Os direitos à vida, à integridade pessoal, à liberdade, à segurança e à saúde são aqueles que a Comissão dos Direitos Humanos da Ordem dos Advogados (CDHOA) quer proteger naquilo que diz respeito à evolução da pandemia de covid-19 em Portugal. Neste âmbito, explicitou a vontade de ver ser implementada uma estratégia nacional de proteção dos idosos na pandemia “face ao número elevado de surtos no país e consequentes mortes desta população especialmente frágil”.

QUE MEDIDAS?

A entidade considerou que devem existir espaços de retaguarda suficientes, com garantia de cobertura nacional para idosos com covid-19 sem necessidade de cuidados hospitalares, assim como para aqueles que não têm covid-19 mas precisam de recorrer a estes espaços devido à “necessidade de desinfeção do lar em que se encontravam, após o surto”. Em segundo lugar, para que o modelo de trabalho das equipas em espelho – uma parte executa as funções e outra fica em isolamento – funcione, deve haver um entendimento entre os profissionais de saúde e a Autoridade para as Condições do Trabalho (ACT) acerca do modo como é implementado. Este ponto foi evocado devido ao “elevado número de contraordenações” registado pela ACT. De seguida, foi enunciado que as brigadas de ação rápida começaram a dar apoio a lares com surtos de covid-19 no dia 1 de outubro, mas a CDHOA considerou que “em alguns distritos é claramente insuficiente a existência de somente uma ou o número de recursos humanos que a integram. Consequentemente, a formação que deve ser dada aos/às auxiliares de ação direta, designadamente com sessões práticas de como vestir e despir os equipamentos de proteção individual, foi abordada.

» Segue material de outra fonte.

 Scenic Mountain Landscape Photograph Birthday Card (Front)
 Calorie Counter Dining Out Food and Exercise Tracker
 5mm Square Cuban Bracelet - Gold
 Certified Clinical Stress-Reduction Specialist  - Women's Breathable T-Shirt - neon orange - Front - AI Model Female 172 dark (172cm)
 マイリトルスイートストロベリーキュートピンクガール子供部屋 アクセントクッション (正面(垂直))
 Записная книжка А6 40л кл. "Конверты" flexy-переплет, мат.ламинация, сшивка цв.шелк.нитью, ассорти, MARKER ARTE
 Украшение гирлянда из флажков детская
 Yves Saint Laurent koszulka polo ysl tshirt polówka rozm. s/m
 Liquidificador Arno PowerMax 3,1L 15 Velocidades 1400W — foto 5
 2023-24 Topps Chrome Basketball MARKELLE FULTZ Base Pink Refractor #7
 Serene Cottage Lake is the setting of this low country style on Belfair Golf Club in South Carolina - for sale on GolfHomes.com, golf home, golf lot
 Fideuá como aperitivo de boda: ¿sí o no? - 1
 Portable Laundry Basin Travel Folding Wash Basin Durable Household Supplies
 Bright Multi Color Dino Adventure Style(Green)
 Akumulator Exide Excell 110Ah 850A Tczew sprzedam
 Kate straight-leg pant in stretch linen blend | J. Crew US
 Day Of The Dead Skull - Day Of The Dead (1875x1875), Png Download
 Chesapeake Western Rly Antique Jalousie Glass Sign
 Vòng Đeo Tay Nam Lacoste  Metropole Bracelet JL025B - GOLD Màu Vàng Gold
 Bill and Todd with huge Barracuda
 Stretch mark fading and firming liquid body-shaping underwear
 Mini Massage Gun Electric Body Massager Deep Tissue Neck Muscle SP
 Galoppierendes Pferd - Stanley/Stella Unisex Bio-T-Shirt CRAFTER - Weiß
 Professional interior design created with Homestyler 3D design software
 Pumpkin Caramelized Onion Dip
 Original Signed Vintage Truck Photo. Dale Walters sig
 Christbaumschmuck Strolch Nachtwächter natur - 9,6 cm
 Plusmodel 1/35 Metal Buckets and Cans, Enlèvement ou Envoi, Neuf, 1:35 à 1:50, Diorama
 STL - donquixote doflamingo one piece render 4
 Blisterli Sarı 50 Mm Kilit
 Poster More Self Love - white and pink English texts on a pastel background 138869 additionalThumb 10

O plano de testagem foi outro dos fatores destacados, “com especial enfoque nos funcionários, sendo os únicos possíveis transmissores do vírus para o interior dos lares”. A título de exemplo, nesta terça-feira foram detetados surtos em dois lares do Sabugal, na Guarda, estando aproximadamente 50 pessoas contaminadas. Destas, uma dezena são funcionários, de acordo com a estação local Rádio F.

CONCLUSÕES

A CDHOA referiu queas demências e a saúde mental devem ser tidas em conta pelos lares. Além disto, evocou que estes “não podem ser confundidos com clínicas ou outras entidades especializadas em cuidados de saúde”. Informou que “as entidades comungam da mesma opinião sobre os utentes com covid-19 não serem por princípio tratados nos lares” e verificou-se que “inicialmente não existiam procedimentos instituídos para lidar com a pandemia devido ao desconhecimento no tratamento da mesma”, bem como a “inexistência de articulação entre as diversas entidades responsáveis. A Confederação Nacional das Instituições de Solidariedade, a União das Misericórdias Portuguesas, a Associação de Apoio Domiciliário de Lares e Casas de Repouso e a DGS concordam com a implementação desta estratégia.